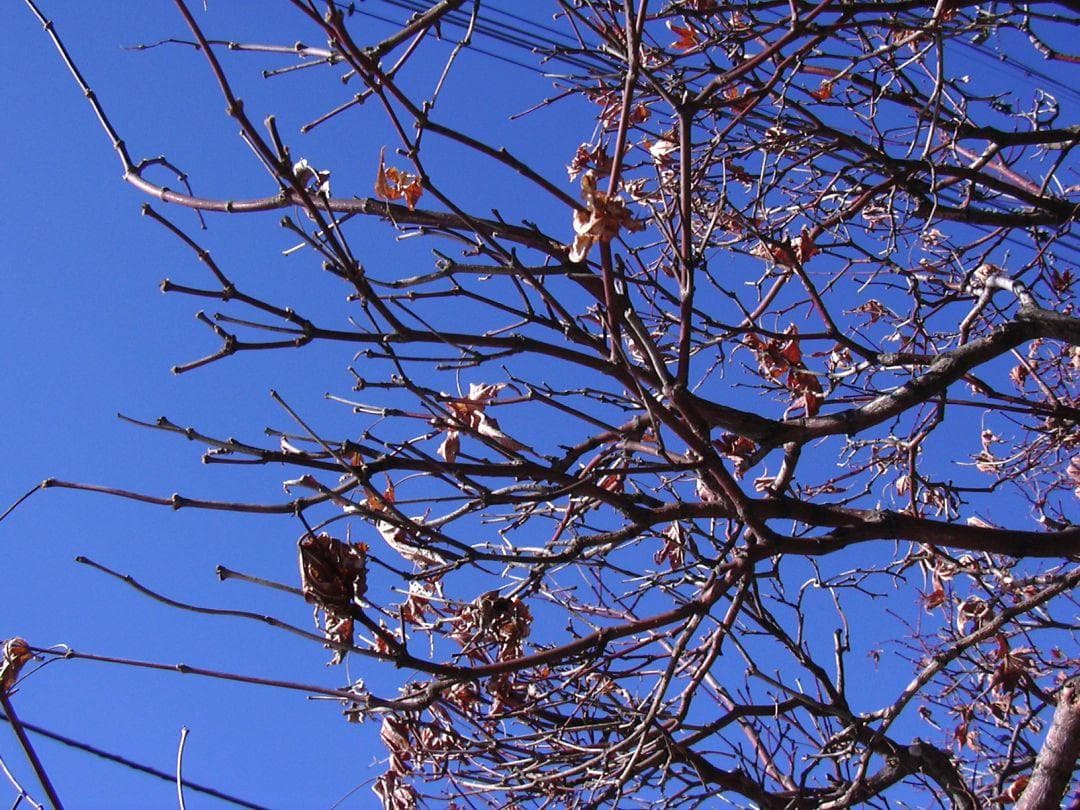 Nikon COOLPIX 2000 試写あり 良品 箱＆付属品付 単三電池仕様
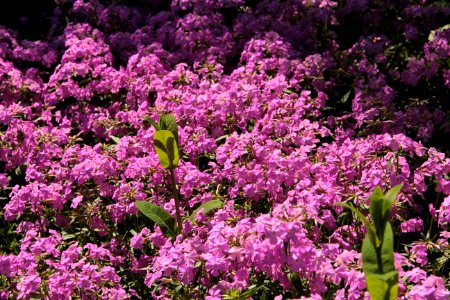 phlox
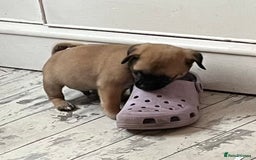 Mixed Breed dogs for sale: Pugpoms  - Image 3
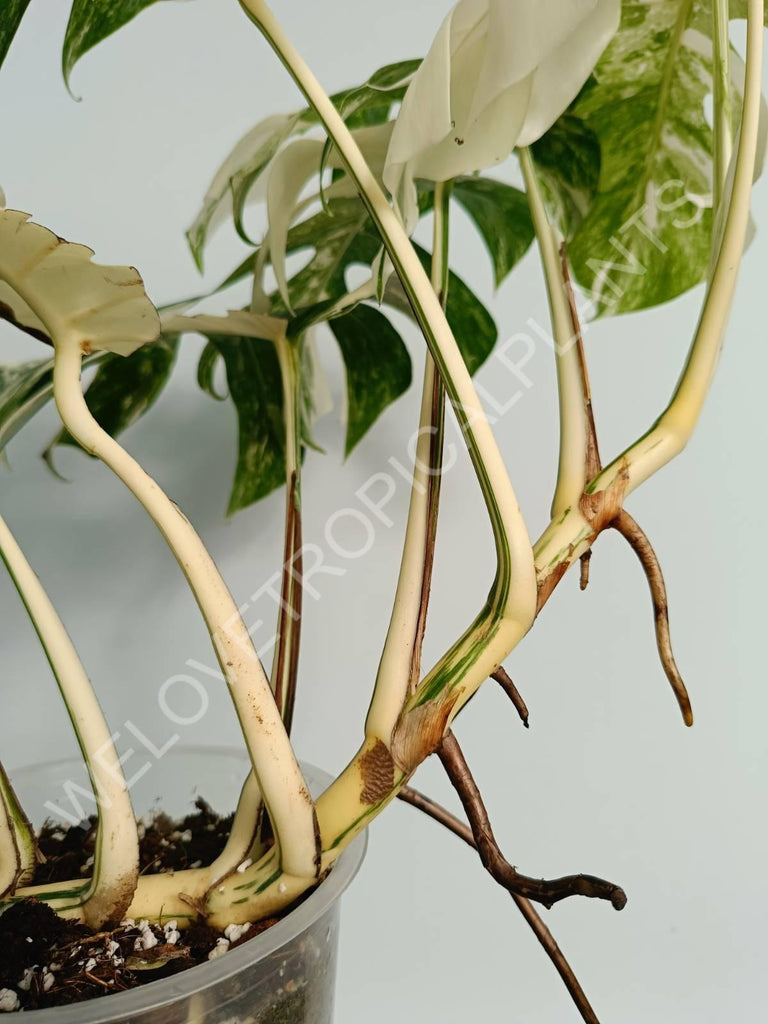 Monstera variegata albo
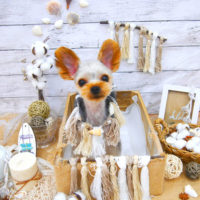 【池下店】2020年8月15日のワンちゃん達♪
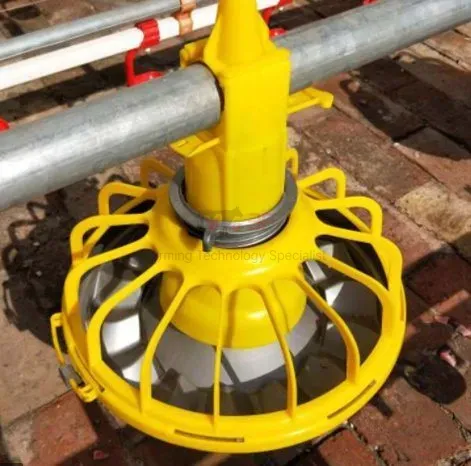 Automatic Poultry Nipple Drinker System and Pan Feeder Sysytem for Broilers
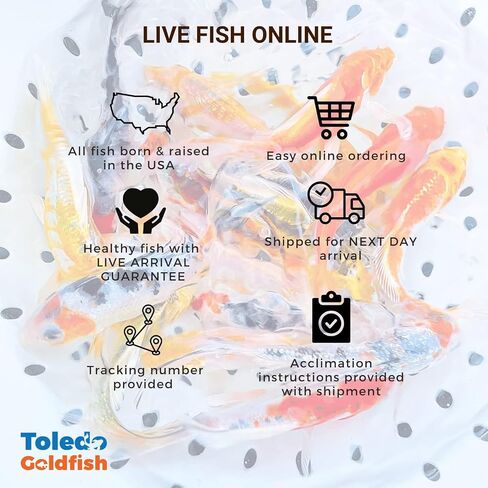 Toledo Goldfish Butterfly Fin Koi, Variety of Colors and Patterns - Perfect for Ponds or Aquariums - 4-5 Inches, 10 Count in Kuwait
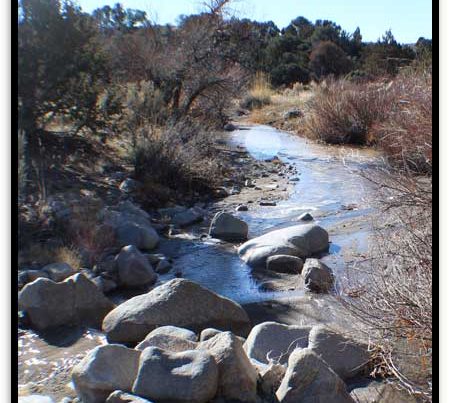 Ancient Headwaters #1 & #3 — photograph 2 of the claim ground, Douglas County, Nevada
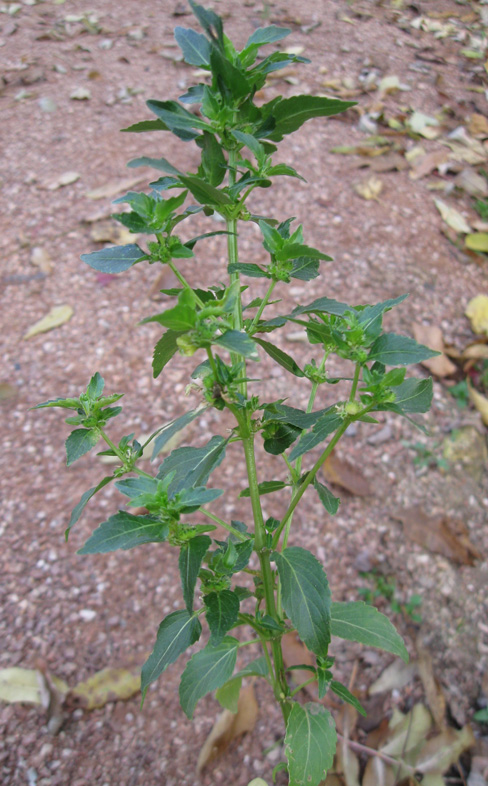 Image of Mercurialis annua specimen.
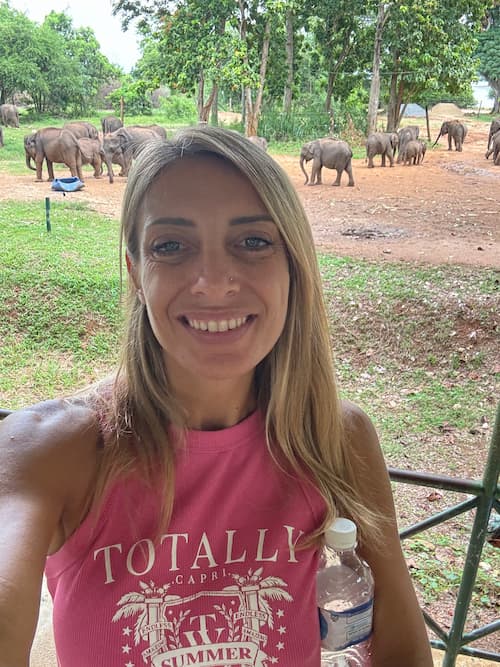 elephant transite home Udawalawe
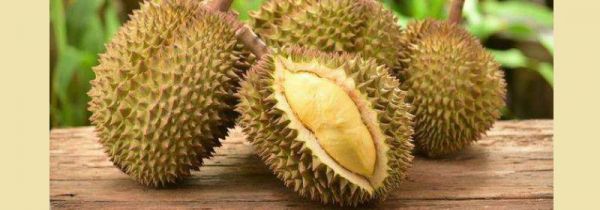 如何挑选榴莲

**What you will do**
From the material above, output only the span of lines that starts at the one containing "Mixed Breed dogs" and finishes at the one containing "Automatic Poultry Nipple", word for word and free of pictures.

**Response to the task**
 Mixed Breed dogs for sale: Pugpoms  - Image 3
 Monstera variegata albo
 【池下店】2020年8月15日のワンちゃん達♪
 Automatic Poultry Nipple Drinker System and Pan Feeder Sysytem for Broilers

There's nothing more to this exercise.